Como grandes princípios, julgo na minha modesta opinião, como mais adequados, os seguintes:

a) a Universidade tem que estar virada para a vida prática. Tem que incluir um olhar despreconceituoso sobre os novos saberes, os novos desafios e as novas realidades. Não deve estar numa torre de marfim à espera que o tempo lhe diga que está anquilosada e sem préstimo.
b) O olhar da Universidade para a vida prática não pode perder a sua especificidade.

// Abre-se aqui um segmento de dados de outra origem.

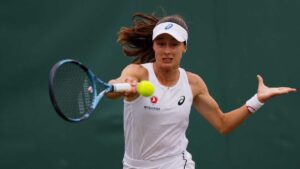 Milli tenisçi Zeynep Sönmez, Chennai Açık'a 2. turda veda etti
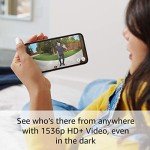 Ring Pro Wired Doorbell & Floodlight Camera Combo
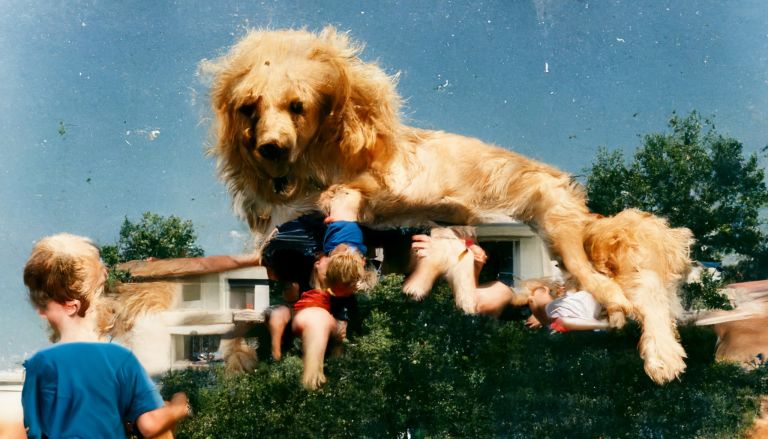 Jon Rafman
Counterfeit Poast, 2022 (film still)
4K stereo video
28:20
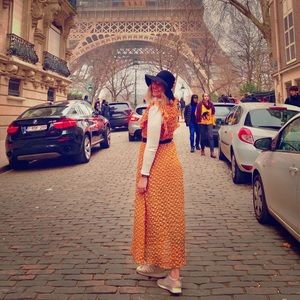 Vintage dress worn once!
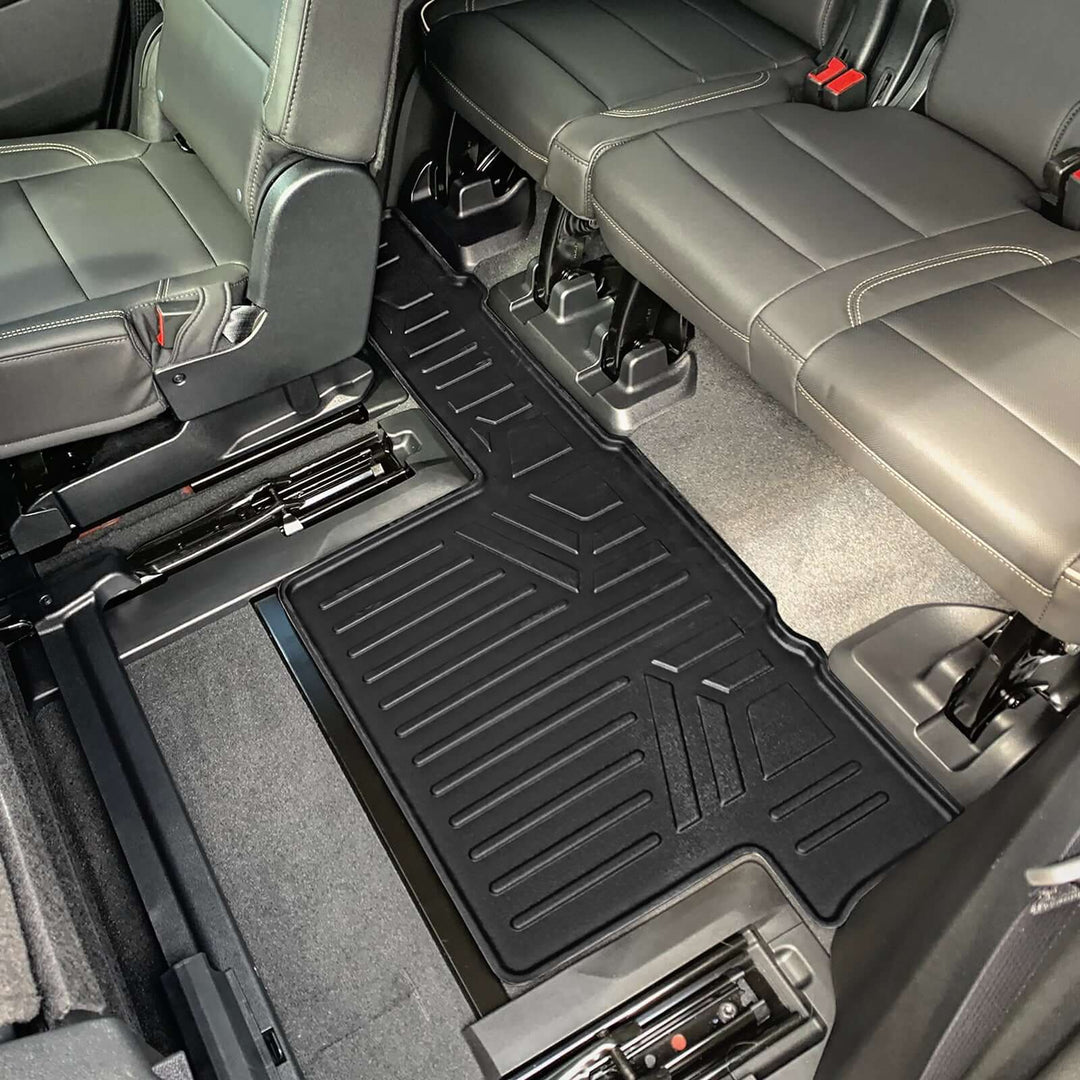 SMARTLINER Floor Liners for 2021-2025 Cadillac Escalade (2nd Row Bench)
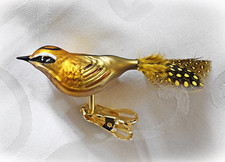 ❀ Sommer Goldhähnchen Glas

Não pode perder a sua componente reflexiva . Tem que ser um olhar universitário mas que tenha a humildade de reconhecer que tudo quanto diga respeito ao humano não lhe é estranho.

5. Ao longo da minha vida de docente, assisti, de perto, ao trabalho levado a efeito nas Ciências da Comunicação onde se reflectiram alguns dos dilemas que tracei neste artigo. Mais prática? Mais teoria? Mais Filosofia? Mais Informática? Mais Marketing? Mais Teoria Política? Depois de criada uma forte componente teórica, foram-se consolidando ateliers e actividades como o URBI e a TUBI profundamente abertas à vida prática. Depois lançou-se o Curso de Design Multimédia, como forma estratégica de assegurar a rentabilidade de meios físicos e humanos numa área de ponta onde confluem vários tipos de saberes. Hoje afigura-se como desejável a Licenciatura em Filosofia como forma de garantir uma elevada formação humanística e crítica.
A garantia de um equilíbrio racional entre um saber mais puro e contemplativo e o desejo saudável de intervir na vida social e económica é o caminho mais natural de uma Universidade. A busca, em cada momento, dessa combinação ideal será resultado de uma avaliação que nunca pode ser considerada definitiva porque têm de ter em conta a constante emergência de novos dados que carecem de reflexão pontual e circunstanciada.